[EXTRACTED INFORMATION]

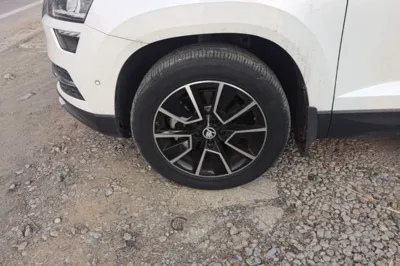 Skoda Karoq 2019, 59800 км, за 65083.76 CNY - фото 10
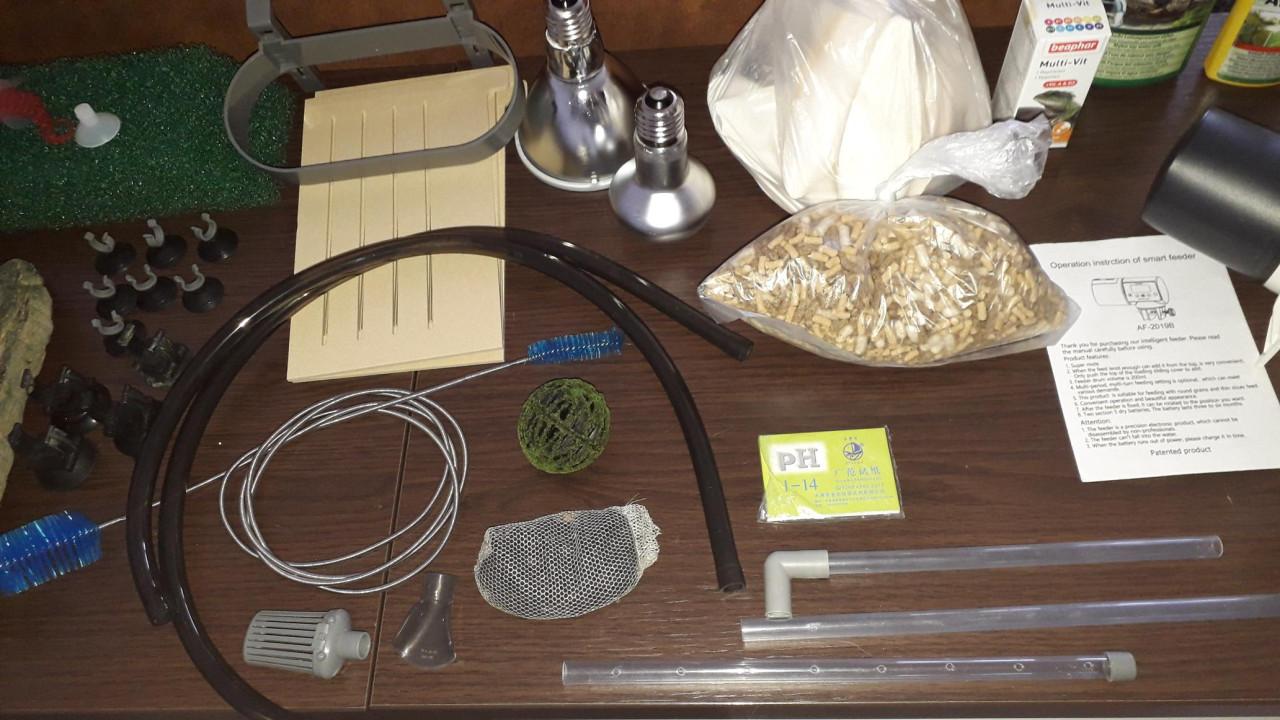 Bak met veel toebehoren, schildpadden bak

[/EXTRACTED INFORMATION]
[EXTRACTED INFORMATION]

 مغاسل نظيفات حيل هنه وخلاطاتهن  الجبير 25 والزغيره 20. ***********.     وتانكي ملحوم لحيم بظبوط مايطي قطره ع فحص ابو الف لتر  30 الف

[/EXTRACTED INFORMATION]
[EXTRACTED INFORMATION]

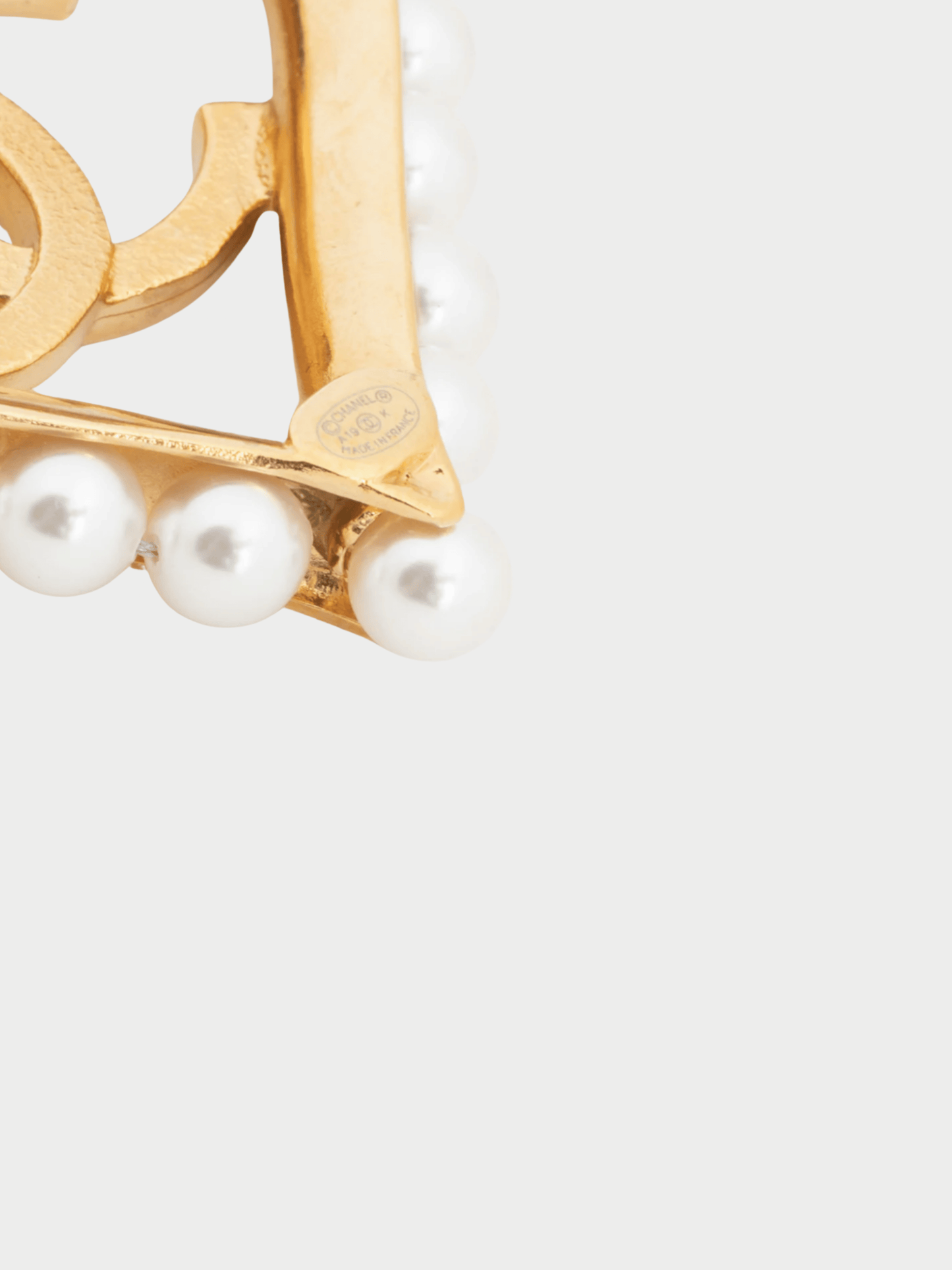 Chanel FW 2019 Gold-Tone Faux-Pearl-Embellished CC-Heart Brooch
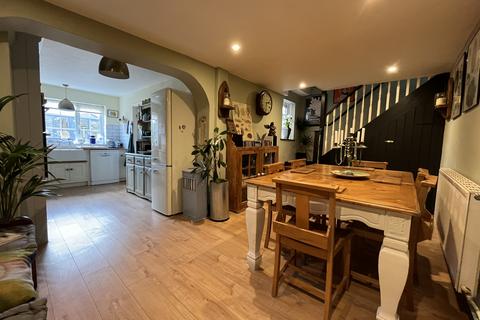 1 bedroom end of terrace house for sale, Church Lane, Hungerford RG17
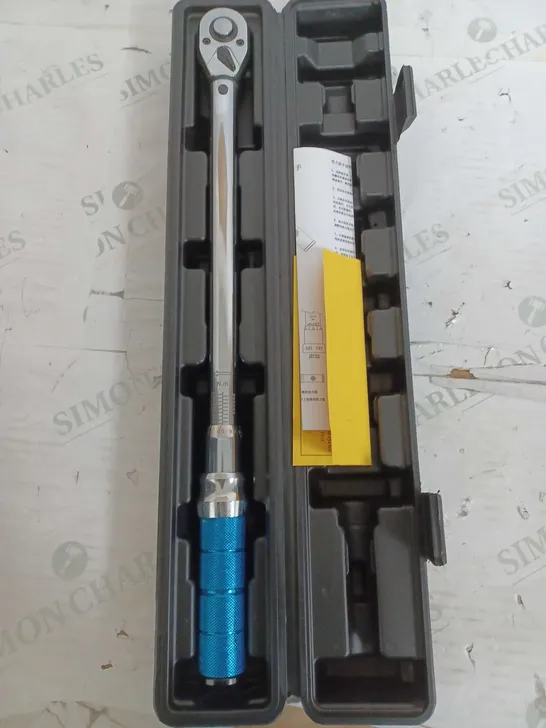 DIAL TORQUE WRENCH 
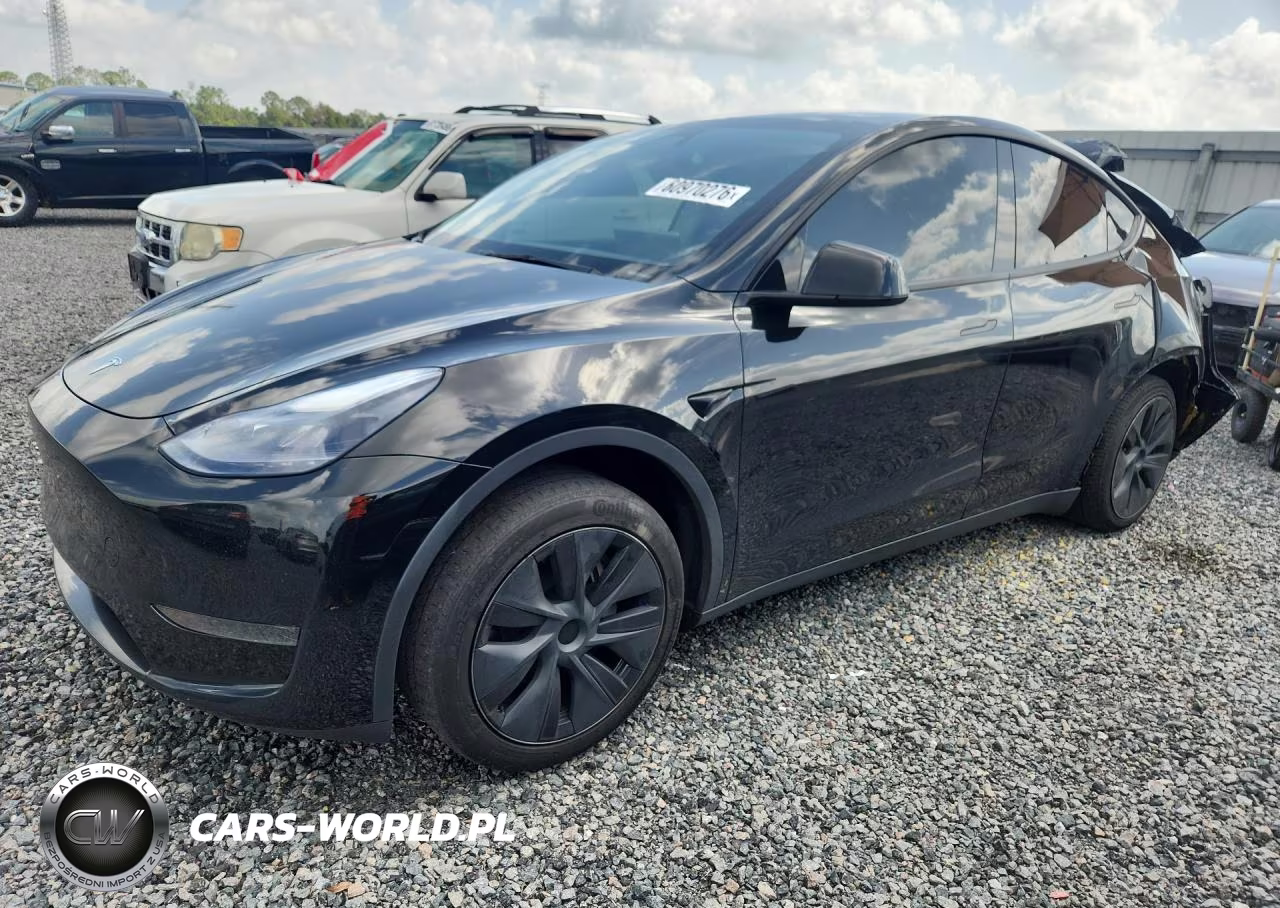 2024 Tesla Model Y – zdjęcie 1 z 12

[/EXTRACTED INFORMATION]

THE PROBLEM: The lines above from the line with "Chanel FW 2019" through the line with "2024 Tesla Model Y – zdjęcie 1 z 12" are to be given again word for word, with no pictures among them.

RESULT:
 Chanel FW 2019 Gold-Tone Faux-Pearl-Embellished CC-Heart Brooch
 1 bedroom end of terrace house for sale, Church Lane, Hungerford RG17
 DIAL TORQUE WRENCH 
 2024 Tesla Model Y – zdjęcie 1 z 12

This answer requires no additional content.